The UN Climate Summit, which started in New York at 4pm (Spanish peninsular time), has already produced a first and important result. A total of 66 governments have pledged on Monday to reach zero carbon emissions by 2050, said the United Nations, an alliance that regions, cities and companies are joining.

The leaders of governments, companies and civil society today debate potentially powerful steps to address climate change at the Climate Action Summit convened by the UN Secretary General, António Guterres.

"Nature is angry, and we fool ourselves if we think we can fool nature," Guterres said in his speech, with which the meeting began.

"We are at the beginning of a mass extinction," activist Greta Thunberg has warned. "And all you can do is talk about eternal economic growth."

As carbon pollution, rising temperatures and weather destruction continue to rise, and public reaction increases, today's Summit in New York is offered as a "turning point," according to the UN, to inertia and the global climate impact, but provided there are many countries united in this direction.

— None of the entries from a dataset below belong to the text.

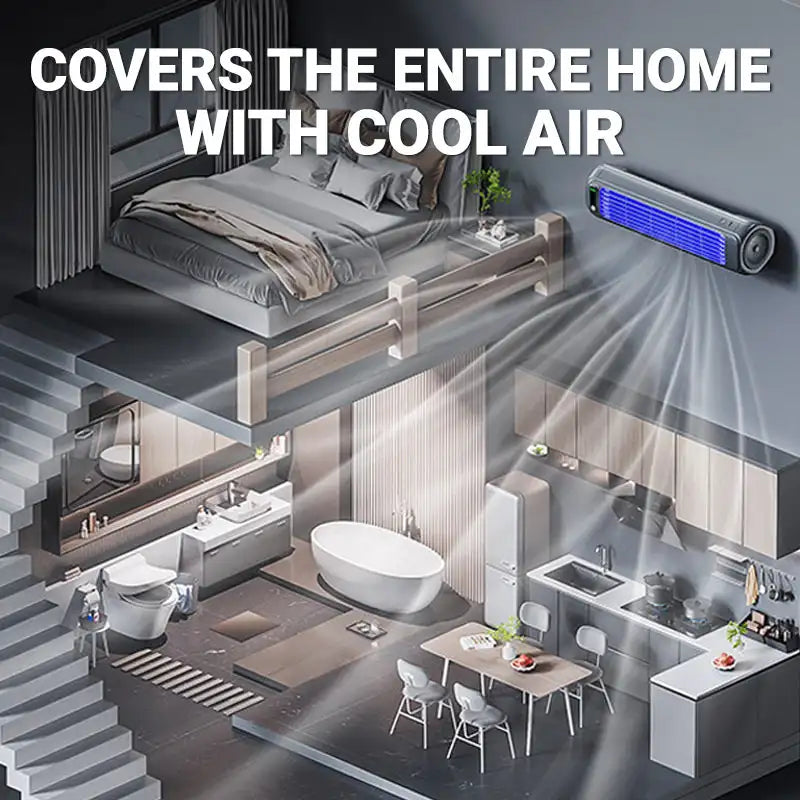 ChillMate – Cool Comfort Anytime, Anywhere!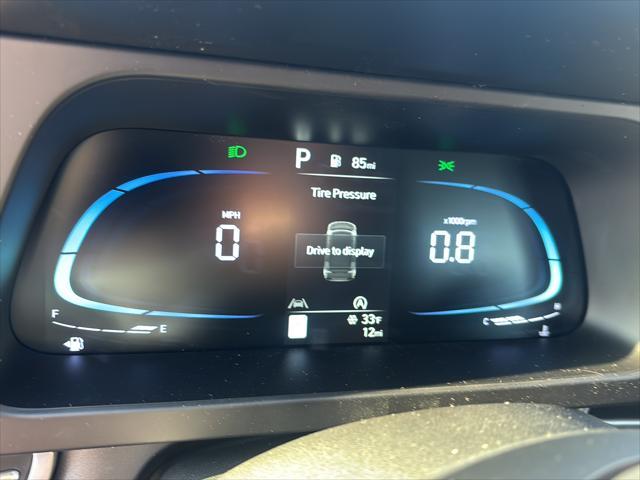 2026 Hyundai Elantra - $21,465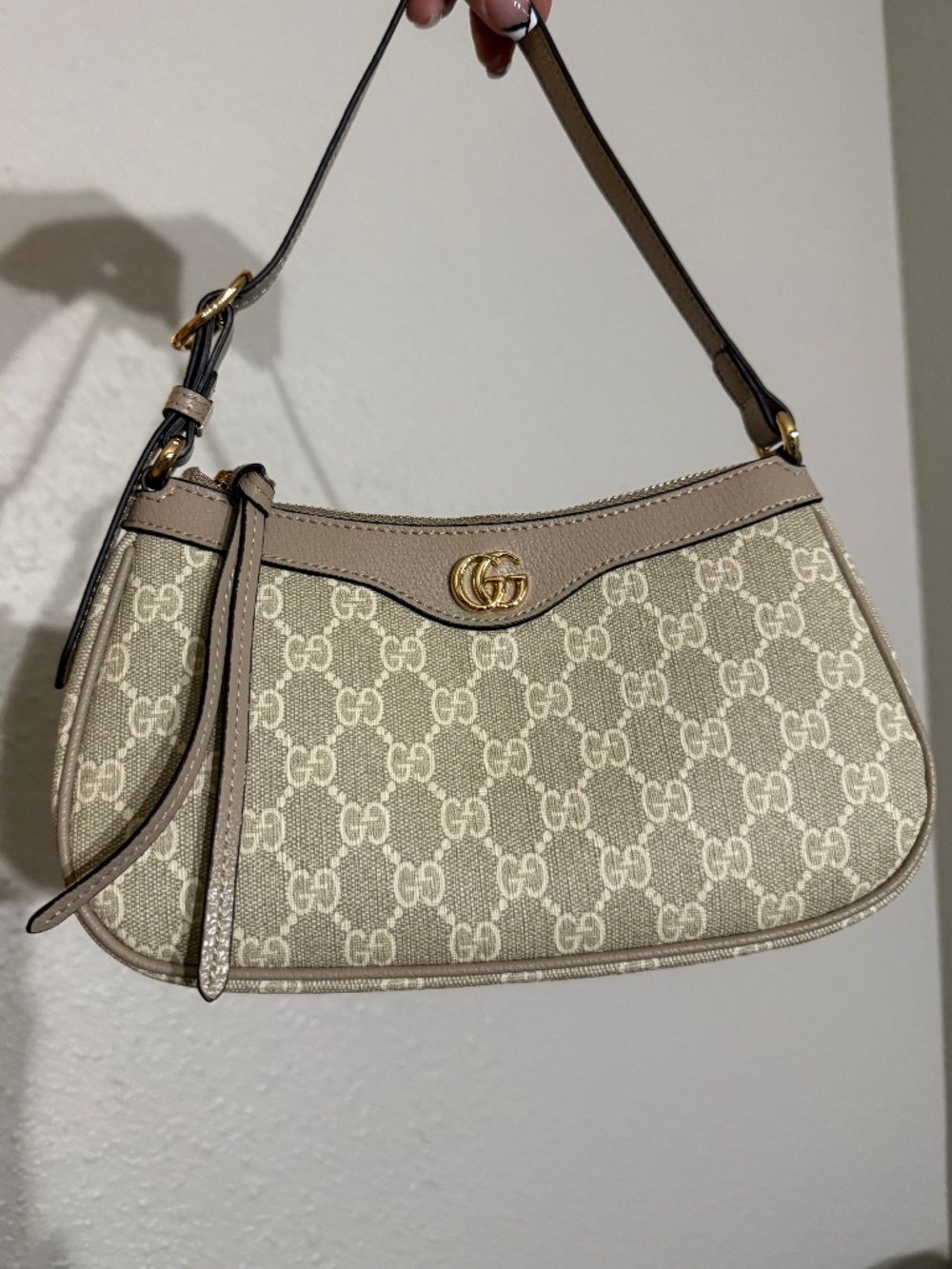 Gucci Ophidia GG Small Shoulder Bag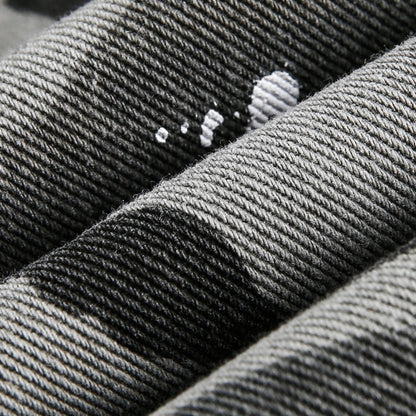 Anarchy Camouflage Shirt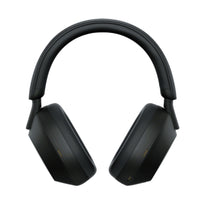 Sony WH-1000XM5 Wireless Industry Leading Noise Canceling Headphones Default Title from Sony sold by 961Souq-Zalka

The UN estimates that the world would need to increase its efforts three to five times to contain climate change, curb the increase in warming to 1.5 degrees maximum, and prevent the increase in climate damage that is already occurring worldwide .

Many countries use the Summit to demonstrate the next steps on how by 2020 they will update their Nationally Determined Contributions in order to collectively reduce emissions by at least 45% by 2030 and prepare national strategies to achieve carbon neutrality by the middle of the century.

This is an alliance that brings together nations to improve action in 2020, as well as those that work to achieve net zero CO2 emissions by 2050.

59 nations have expressed their intention to present an improved climate action plan (or NDC), and nine others have started an internal project to boost ambition and make this reflected in their national plans.

In terms of the so-called "group 2050", the UN has reported that 66 governments are committed to zero emissions, to which 10 regions, 102 cities, 93 companies and 12 investors join.